But as rubbery as they may be, they aren’t immune to injury. To that end, when Smith was 13, he went to his first world championship in Salt Lake City. “I qualified for the finals, which I was shocked to make at such a young age,” he tells me. As a result of that shock and excitement, he decided to attempt a double backflip dismount at the end of his final run. “It all built up to that moment; the hype got me buzzed up, and I was ready to fly. I sent the double!” Smith recalls. But he opened up his body too early. “I basically belly-flopped, knees first, into the concrete,” he says.
He would spend the next four months in a wheelchair after shattering both of his kneecaps, all the toes on each of his feet and his nose. (He suffered a major concussion, too.) It hasn’t exactly paid either — at least in terms of dollars and cents. “Most jumpers have another job to supplement like Uber or Grubhub, odd jobs or other service industry stuff,” says Smith. “I make roughly 25-30k a year and live in a converted sprinter van.”

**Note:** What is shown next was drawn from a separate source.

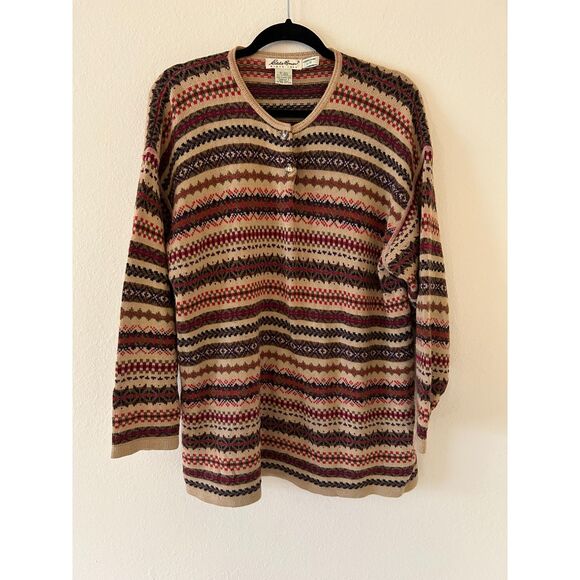 Vintage 90s EDDIE‎ BAUER Henley Sweater WOMENS L Fairisle Earth Tone Fair Isle - Picture 1 of 6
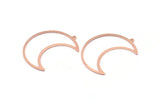 Copper Moon Charm, 4 Raw Copper Crescent Moon Charms With 1 Loop (37x15x0.80mm) M115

A major barrier to extreme pogo’s growth, per Weiner, is the sport’s steep entrance cost. “You’ll have a video blow up and all these people will get excited until they see it’s almost 500 bucks for a professional pogo stick,” he says. “Or you can get a spring one, but there’s no step in between, so we lose out on a lot of potential athletes because of the economics.” Which is why Weiner has been working with Vurtego to hopefully have a $150 air-powered starter stick by Christmas.
Currently, the team makes most of its money from performances and stunt shows at halftime shows and corporate events. “I’d like to get our media to the level where I think we’re making really, really good stuff,” Weiner tells me. “I don’t think anyone’s trying to be a millionaire off of this, but if we can get a bit more money where everybody’s able to Pogo full-time, that’s the goal.”
As for whether or not they’ll get there, he says, “Who the hell knows? Sometimes we talk about what it’s going to be like when we make it. At the same time, we just spent a weekend with Jaws, pogoing. So maybe in some aspects, we already have made it.”